I wish every game could take advantage of such technology. It would make things so much nicer, and sure as hell beats Raven Shield. The closet I’ve seen to L4D, is SWAT 3s best maps, but L4D takes it to many more levels of gameplay.

My only gripe with the game has been it’s fairly short: about 6 campaigns (Dead Centre, The Passing, Dark Carnival, Swamp Fever, Hard Rain, and The Parish), ranging perhaps 3-5 levels each. Realistically you could clear the entire game (online) in 3-4 hours time with a solid team, and a rapid pace of attack, sans failures of course.

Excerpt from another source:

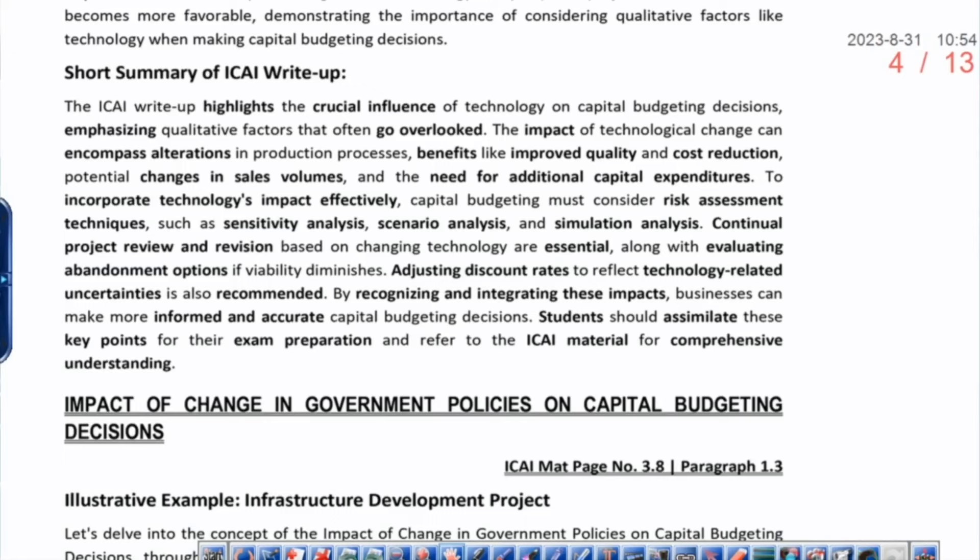Technology is very important. The institute's short summary shows: technology improves quality, enables cost reduction, and causes changes in sales volume. After that it says: use sensitivity, scenario, and simulation. And then it says: consider abandonment options. Same to same — what I explained, if you think for 2 minutes, your full answer will be prepared. You can also look at the ICI write-up to see how it is designed. It is an easy question — prepare it point-wise.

That and the game crashes if I set the shader setting to a higher quality setting than my graphics card apparently supports >_>

Finishing up my laptops backups and prepping for an overhaul of the software setup…. why do I feel like my stress levels are about to climb a dozen rungs?

For the first time in quite a bit, I’ve opened my Private Airport kai map, watching tangos climb up a drain pipe today was a good memory jogger ^_^.

Almost everything I had worked on was complete, except for the question of what to do with the terminal buildings now accessible roof. I need to redo a lot of the maps original layout there, because of how the fake backdrops were done (creating distant scenery for unreachable areas). The amount of work all that represents, means I need to decide whether or not to make the second tarmac area and associated grounds accessible to the player. Well, technically it is accessible since you can walk through a fake backdrop but the HOM effect isn’t welcome lol. I’ve also modified a few things to reward an inquisitive player, rather than making it as obvious as first planned.

I’ve added a set of rooms on the terminals roof, meant to simulate a small office like environment that is rather missing from the stock maps architecture. Minor tweaks to the backdropping there, extra spawns, and some finishing touches in the administrators office, then my map is basically RC ready.

Today I also had a rather interesting idea: while adding that office space, it occurred to me that it would be practical to put a small catwalkesque bridge over to the air traffic control tower would be a nice idea. The ATC of course, is just a big static mesh, which is fairly normal (modern) practice for such scenery – but surprising for raven shields level designers. That means there is no way to make a habitable ATC without building one from scratch. Since the fake backdrops in the area are associated to the ones near the new offices, there is a fair bit of work to be done in that area anyway. The only problem with building a proper ATC however, is the fact that I’ve never had to climb one before lol.